* [EXERCISE INPUTS]:
+ + + + +

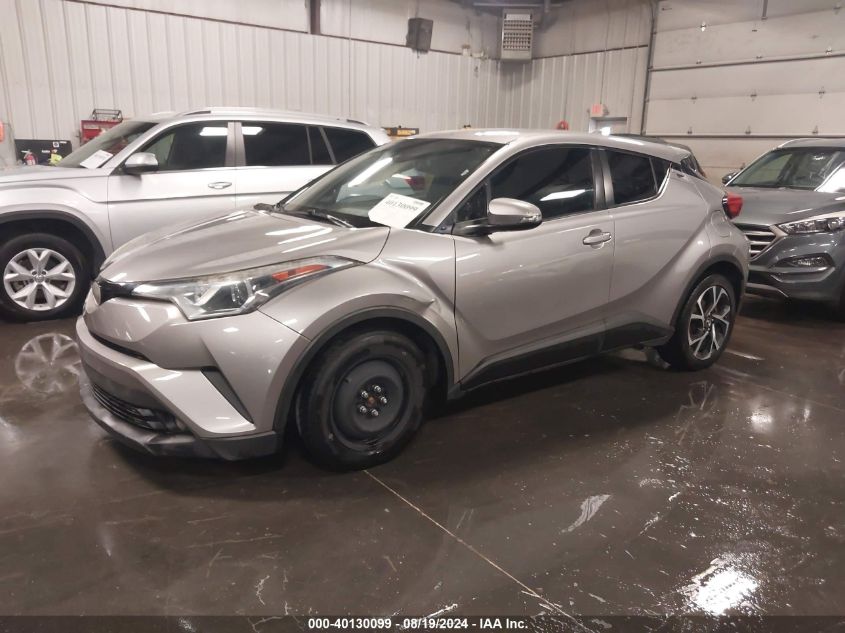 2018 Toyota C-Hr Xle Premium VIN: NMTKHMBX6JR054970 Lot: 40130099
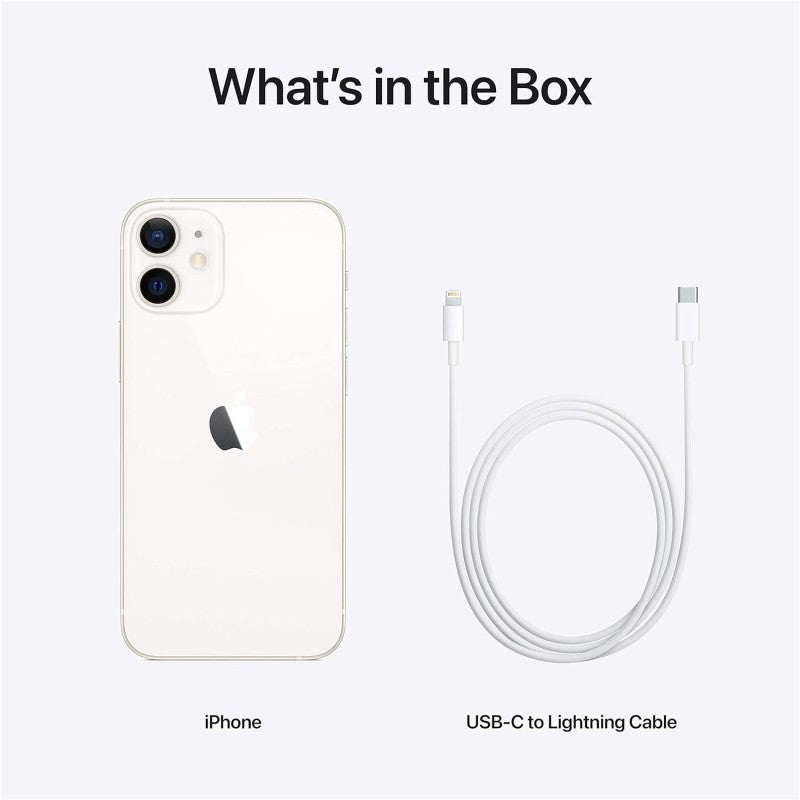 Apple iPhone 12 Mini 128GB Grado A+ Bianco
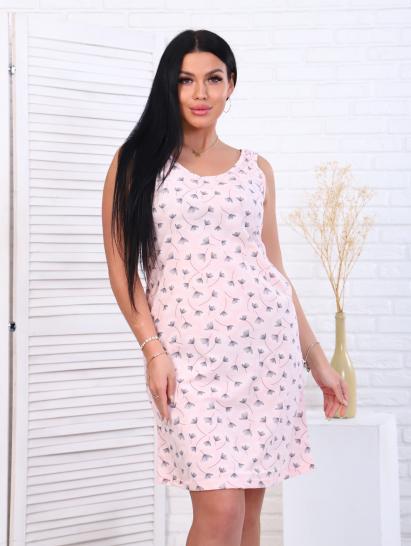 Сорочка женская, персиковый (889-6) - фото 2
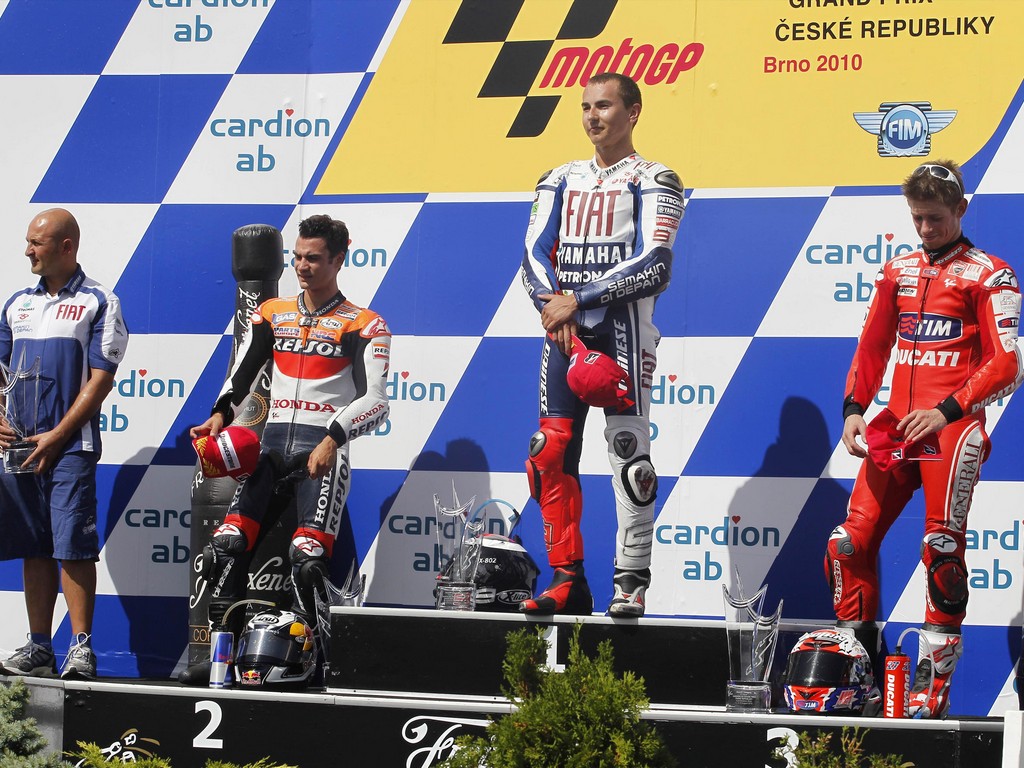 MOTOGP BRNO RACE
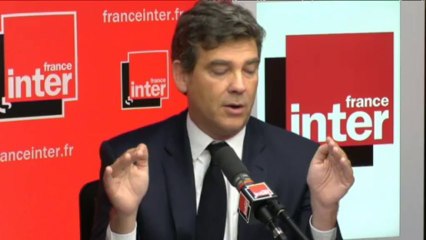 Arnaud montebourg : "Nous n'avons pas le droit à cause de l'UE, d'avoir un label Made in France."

+ + + + +

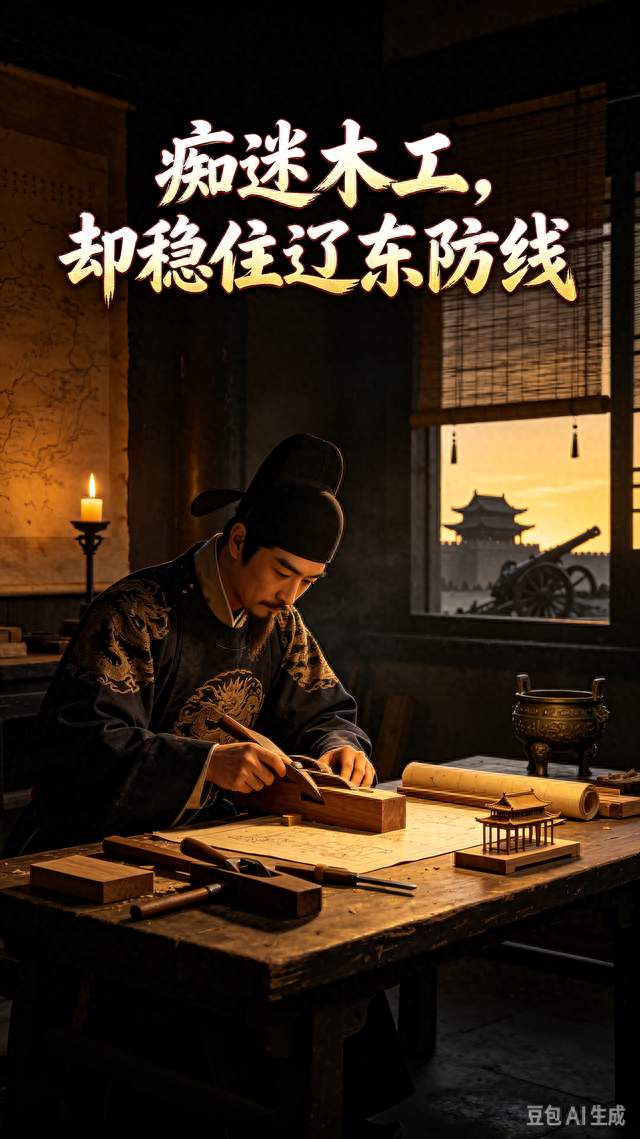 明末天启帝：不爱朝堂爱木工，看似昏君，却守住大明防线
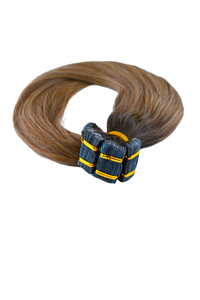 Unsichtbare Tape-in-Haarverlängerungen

+ + + + +

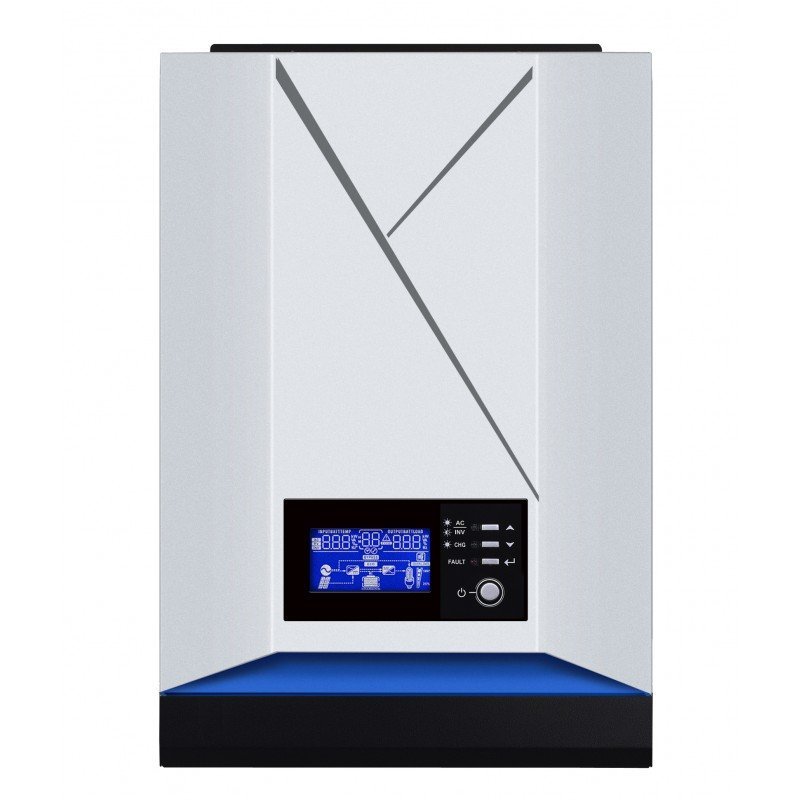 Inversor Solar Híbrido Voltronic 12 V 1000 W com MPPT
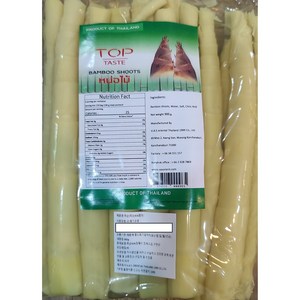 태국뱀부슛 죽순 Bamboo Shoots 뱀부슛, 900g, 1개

+ + + + +

* [TASK PROMPT]: Copy nothing but the lines above that run from the one with "明末天启帝：不爱朝堂爱木工，看似昏君，却守住大明防线" to the one with "Unsichtbare Tape-in-Haarverlängerungen", ends included; pictures stay out.

* [YOUR RESPONSE]:
 明末天启帝：不爱朝堂爱木工，看似昏君，却守住大明防线
 Unsichtbare Tape-in-Haarverlängerungen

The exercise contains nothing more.